Мы глядели друг на друга. И молчали.
— Ладно, — сказала я. — Выпускай!
— Ты уверена? А как же таблетки, которые Луи у него нашел?..
Тут я расхохоталась на удивление легко при моем пересохшем горле.
— Уж мы-то с тобой знаем: не было у него таблеток! Небольшое лукавство, только и всего, сам же подкинул ему, когда по карманам шарил, — я снова рассмеялась, увидев, как он опешил. — Ох и шустрые у тебя, Поль, пальцы, прямо как у карманника! Думаешь, один ты такой наблюдательный?
— И что же ты будешь делать? — спросил Поль. — Когда он все расскажет Яннику с Лорой…
Я махнула рукой:
— А, пусть рассказывает!
Внутри вдруг стало легко. Как никогда не бывало; точно пух на глади воды, меня щекотал смех, смех безумца, готового все, что у него есть, кинуть на ветер. Сунув руку в карман передника, я достала клочок бумаги с написанным на нем номером телефона.
Потом, хорошенько подумав, я отыскала свою маленькую адресную книжку. Полистала, нашла нужную страницу.
— По-моему, теперь я знаю, что делать, — сказала я.

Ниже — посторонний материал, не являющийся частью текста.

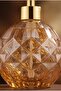 Boby Diamond Globe Glass Liquid Soap Dispenser – Decorative Bathroom and Kitchen Dispenser with Gold Pump and Crystal Pattern - 16 cm X 10 cm - 500ml - - 4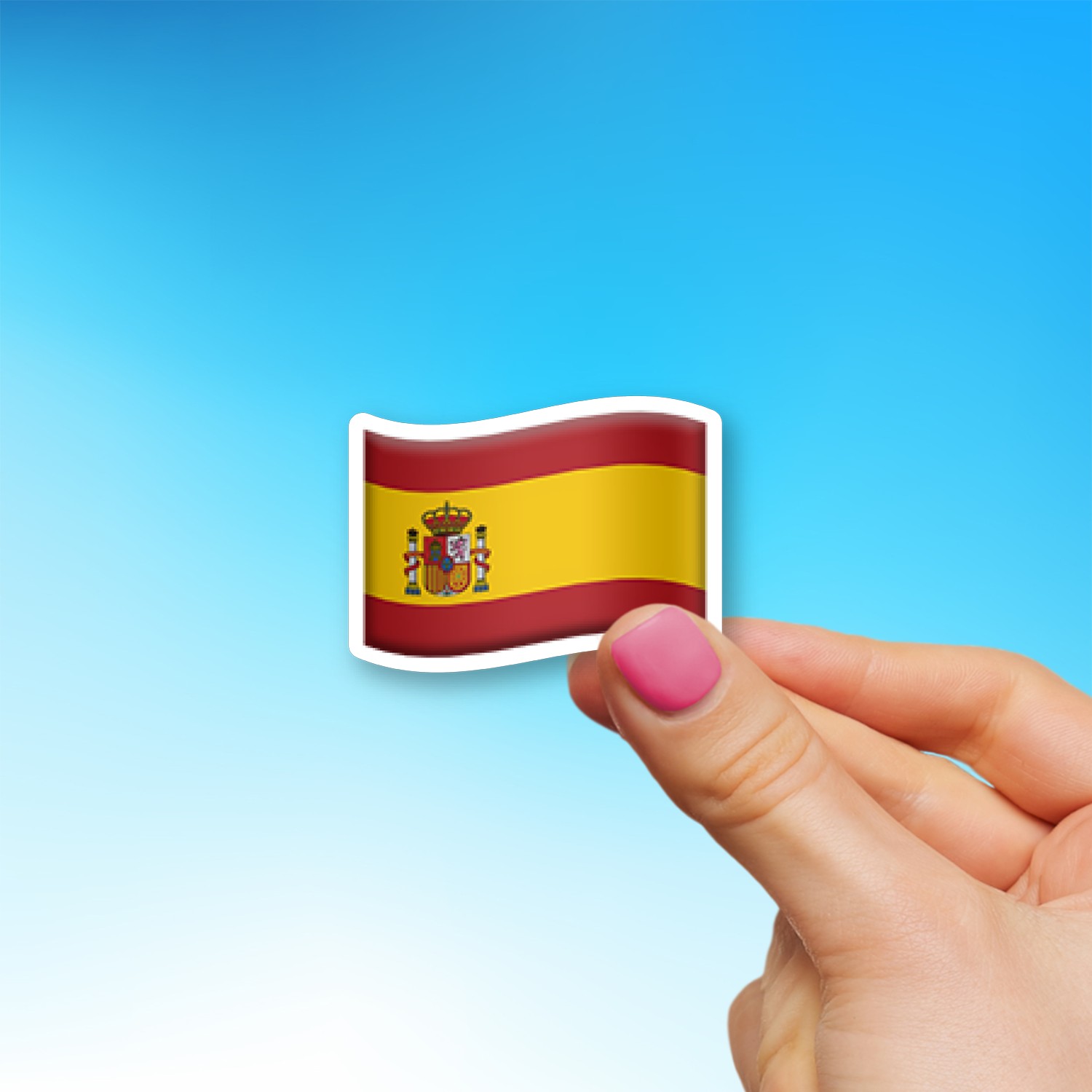 Flag Spain Emoji Sticker Die Cut Multiple Sizes EmojiStickers flag-spain-emoji-sticker-die-cut-multiple-sizes-emojistickers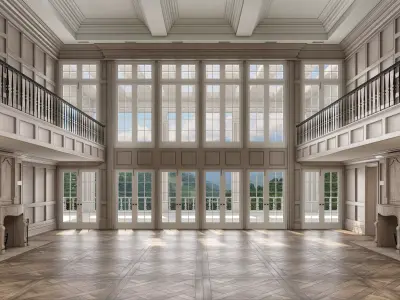 Beyonce and Jay Z house hamptons house 3D model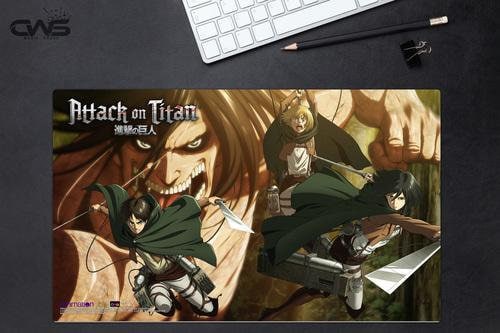 Shingeki No Kyojin Attack On Titan Mikasa Eren Armin Anime Gaming Mouse Pad  : : Informática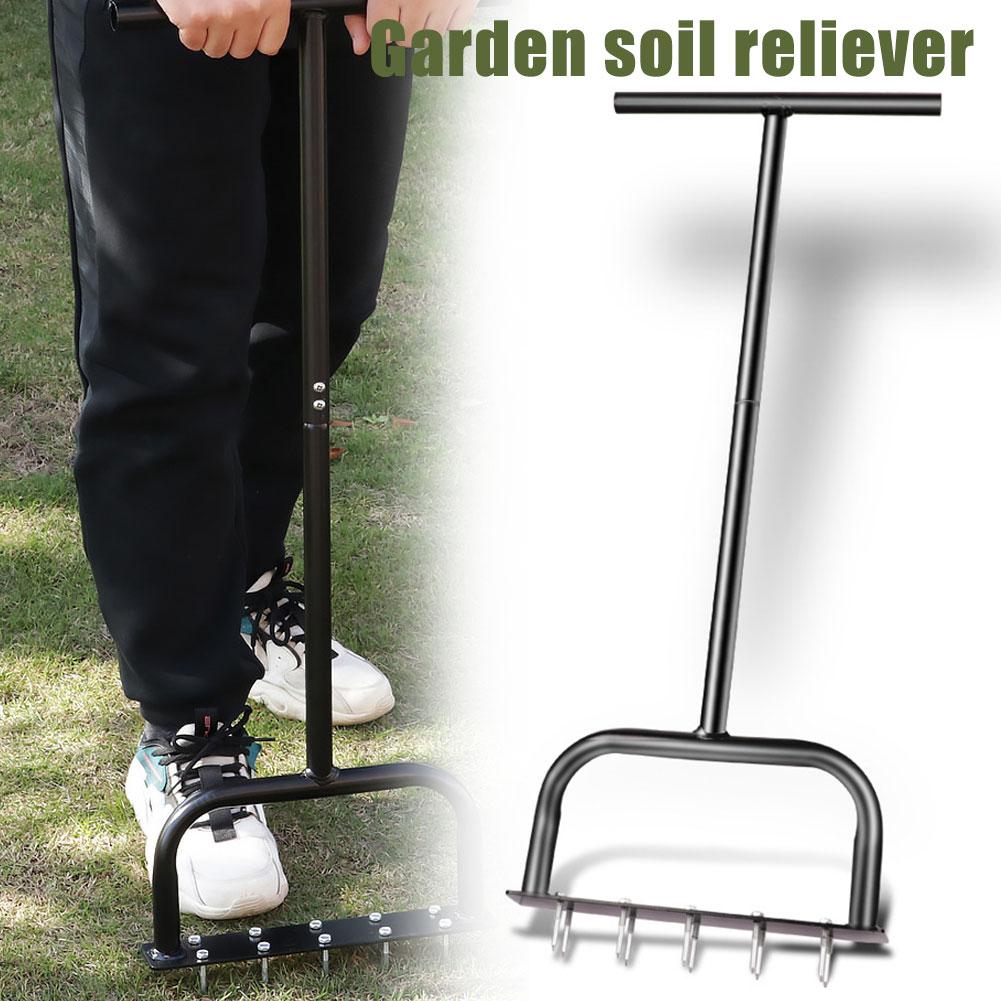 Lawn Aerator Standing Garden Breathing Digging Tool Adjustable For Penetrating Aeration Of Grass Soil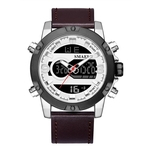 Ficha técnica e caractérísticas do produto Men's Wristwatch Smael Homens Moda multifunções Semana alarme duplo display Negócios relógio eletrônico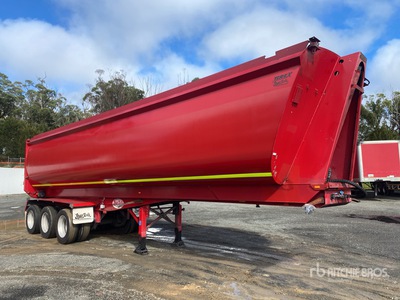 2019 Bruce Rock Engineering 10.2 m Tri/A Remorque à benne basculante arrière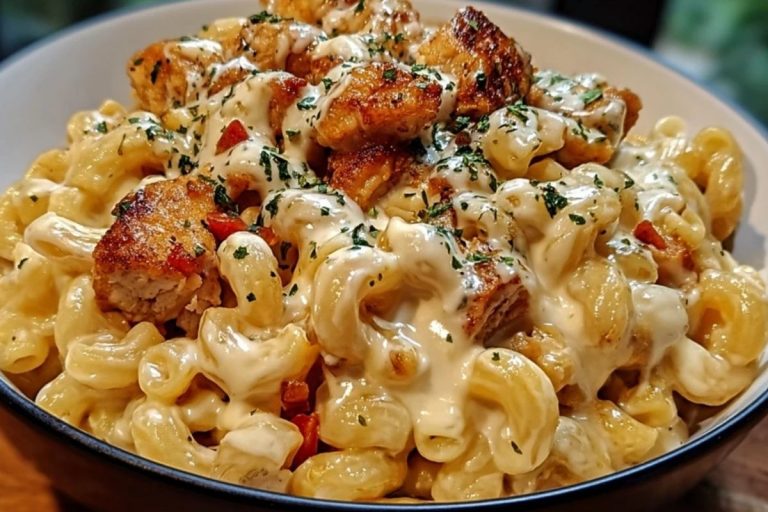 Creamy Honey Pepper Chicken Mac and Cheese Delight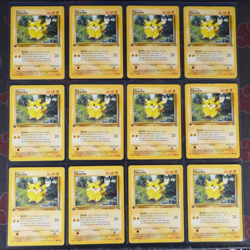 MP/HP (1st edition) Pokemon 12-Card PIKACHU Non-Holo 60/64 Common JUNGLE Set LOT - Image 1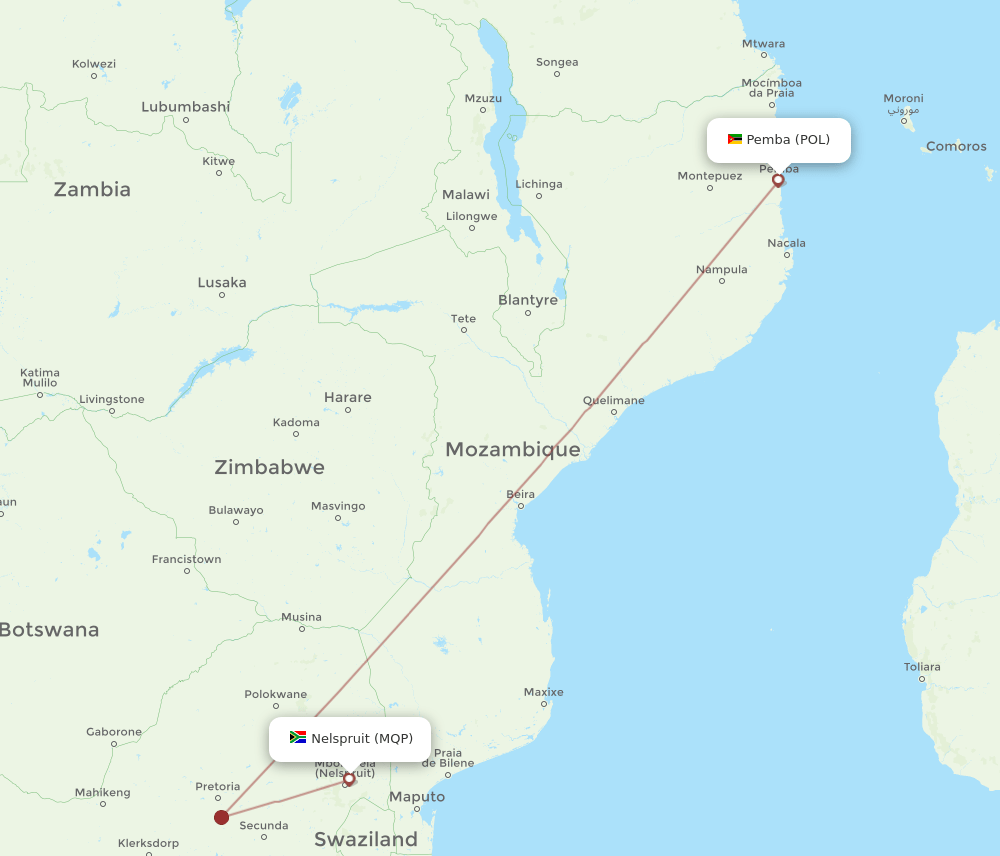 MQP-POL flight routes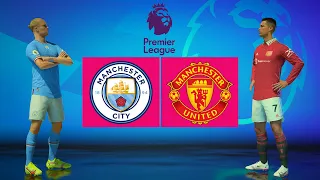 FIFA 22 - Man City vs Man United Full Match | Premier League 22/23 [PC]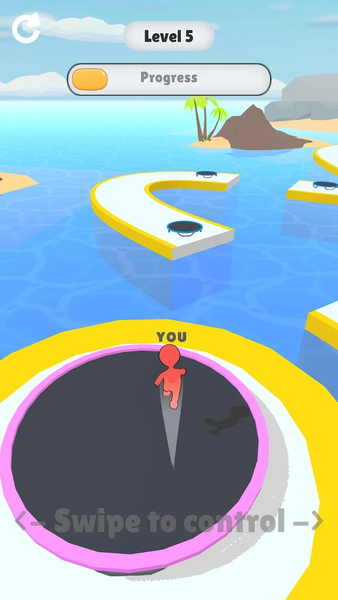 Trampoline run - Gameplay image of android game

Пироги с яблоком и курагой. Взбить яйца и муку с сахаром и растопленным маслом в густую пену. Не переставая мешать, понемногу добавить молока. Чтоб получилось жидкое тесто. Смазать посуду обильно маслом и добавить в тесто нарезанные фрукты. Добавить в тесто корицу с гвоздикой и поставить в духовку на средний жар. Когда пирог начнет подниматься, посыпать сверху коричневым сахаром и сбрызнуть маслом. Печь, пока верхушка не подсохнет и не затвердеет.
Урожай выдался скудный. Винить приходилось засуху и последующие затяжные дожди. Но все равно мы все с большим нетерпением ждали празднования в конце октября, даже Рен, даже мать, которая готовила свои самые лучшие торты, и уставляла подоконники мисками с фруктами и овощами, и еще пекла красивые замысловатые, причудливые караваи — в виде снопа, в виде рыбы, в виде корзины с яблоками — на продажу в Анже. Деревенская школа в прошлом году, когда учитель переехал в Париж, закрылась, но воскресная еще действовала.